Il n’en a rien été mais lors du huis clos, les participants ont pu assister à un véritable exercice de démocratie en ayant en main tous les paramètres de la discussion.
« Durant près de six heures, les représentants de toutes les productions et de tous les territoires ont pu s’exprimer librement et au final, nous avons adopté une synthèse commune » indique Frédéric Perrot, le président jurassien de la FRSEA à la tête d’une délégation d’une trentaine de représentants.
« Le bilan de santé de la PAC va faire bouger les lignes à court terme et des mesures d’accompagnement devront être mises en place pour permettre aux plus fragiles de supporter ces évolutions. Nos zones intermédiaires doivent faire l’objet d’un traitement spécifique ».
Le gouvernement a débloqué 170 millions d’euros pour cet accompagnement qui va se traduire, entre autre, par la création d’une MAE rotationnelle : « Reste à faire reconnaître les zones basses de notre région en temps que zones intermédiaires ! Il va falloir faire feu de tout bois durant les deux prochains mois pour y arriver.

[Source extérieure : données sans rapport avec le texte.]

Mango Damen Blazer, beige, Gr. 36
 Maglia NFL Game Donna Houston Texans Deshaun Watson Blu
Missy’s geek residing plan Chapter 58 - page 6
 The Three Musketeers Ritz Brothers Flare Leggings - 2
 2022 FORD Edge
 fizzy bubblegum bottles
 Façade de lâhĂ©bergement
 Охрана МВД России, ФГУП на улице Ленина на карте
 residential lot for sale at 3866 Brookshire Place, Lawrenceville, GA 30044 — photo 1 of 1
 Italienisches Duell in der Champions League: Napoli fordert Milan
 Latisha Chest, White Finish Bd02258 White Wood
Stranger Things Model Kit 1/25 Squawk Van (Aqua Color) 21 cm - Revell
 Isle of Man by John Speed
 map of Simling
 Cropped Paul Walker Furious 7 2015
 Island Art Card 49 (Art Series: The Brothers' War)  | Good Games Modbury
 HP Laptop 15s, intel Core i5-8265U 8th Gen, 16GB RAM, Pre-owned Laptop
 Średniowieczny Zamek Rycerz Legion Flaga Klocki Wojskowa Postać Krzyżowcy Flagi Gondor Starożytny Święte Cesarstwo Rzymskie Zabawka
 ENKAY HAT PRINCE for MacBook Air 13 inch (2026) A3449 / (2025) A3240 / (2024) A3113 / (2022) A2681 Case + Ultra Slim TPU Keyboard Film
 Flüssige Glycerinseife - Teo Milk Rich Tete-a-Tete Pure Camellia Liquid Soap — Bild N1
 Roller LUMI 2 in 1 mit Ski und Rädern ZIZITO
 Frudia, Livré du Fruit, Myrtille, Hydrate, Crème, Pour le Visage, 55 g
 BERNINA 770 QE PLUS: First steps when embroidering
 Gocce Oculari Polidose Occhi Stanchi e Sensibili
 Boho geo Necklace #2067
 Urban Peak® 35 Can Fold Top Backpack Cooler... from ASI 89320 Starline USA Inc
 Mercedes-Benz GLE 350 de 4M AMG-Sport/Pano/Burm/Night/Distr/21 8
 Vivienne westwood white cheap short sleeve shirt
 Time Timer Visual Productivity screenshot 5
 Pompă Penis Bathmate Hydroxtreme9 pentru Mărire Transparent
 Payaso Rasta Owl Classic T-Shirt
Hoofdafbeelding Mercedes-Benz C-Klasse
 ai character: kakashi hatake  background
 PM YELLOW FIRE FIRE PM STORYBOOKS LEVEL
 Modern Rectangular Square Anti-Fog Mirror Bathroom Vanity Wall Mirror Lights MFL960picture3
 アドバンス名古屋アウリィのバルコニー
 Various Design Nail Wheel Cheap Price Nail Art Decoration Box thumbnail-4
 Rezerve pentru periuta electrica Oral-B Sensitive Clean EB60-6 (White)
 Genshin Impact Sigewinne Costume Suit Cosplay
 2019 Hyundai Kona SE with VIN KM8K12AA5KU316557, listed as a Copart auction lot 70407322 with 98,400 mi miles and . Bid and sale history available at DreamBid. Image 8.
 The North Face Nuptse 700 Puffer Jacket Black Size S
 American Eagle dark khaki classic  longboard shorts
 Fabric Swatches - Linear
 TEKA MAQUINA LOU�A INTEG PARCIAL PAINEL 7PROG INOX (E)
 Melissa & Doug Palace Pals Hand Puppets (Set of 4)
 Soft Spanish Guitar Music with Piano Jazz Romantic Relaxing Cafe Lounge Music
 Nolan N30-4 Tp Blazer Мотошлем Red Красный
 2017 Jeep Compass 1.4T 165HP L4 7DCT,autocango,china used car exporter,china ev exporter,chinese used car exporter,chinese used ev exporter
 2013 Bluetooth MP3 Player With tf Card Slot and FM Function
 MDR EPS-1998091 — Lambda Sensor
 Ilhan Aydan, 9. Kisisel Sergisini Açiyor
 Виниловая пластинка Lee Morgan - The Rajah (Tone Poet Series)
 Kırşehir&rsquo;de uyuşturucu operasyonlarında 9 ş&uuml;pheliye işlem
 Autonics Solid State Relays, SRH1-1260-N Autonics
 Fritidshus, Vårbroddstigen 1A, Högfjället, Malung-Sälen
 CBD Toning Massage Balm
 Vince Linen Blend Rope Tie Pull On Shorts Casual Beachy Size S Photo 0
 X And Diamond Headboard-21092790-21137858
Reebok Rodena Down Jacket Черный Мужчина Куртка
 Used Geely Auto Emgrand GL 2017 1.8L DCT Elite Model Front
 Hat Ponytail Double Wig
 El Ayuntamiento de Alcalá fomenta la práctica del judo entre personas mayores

Avec une référence historique de 56 quintaux à l’hectare, notre région souffre d’un handicap de compétitivité qui doit être corrigé. Comme pour les mesures herbagères, ces dispositifs correctifs devront être ouverts à toutes les exploitations sans critères restrictifs.
Si cette mesure corrective n’est pas prise, il n’y aura pas d’autre alternative pour les exploitations que l’agrandissement au détriment de l’installation » indique Frédéric Perrot lors de son intervention devant le congrès, avant de rappeler son attachement à la structuration des filières et au revenu par les prix.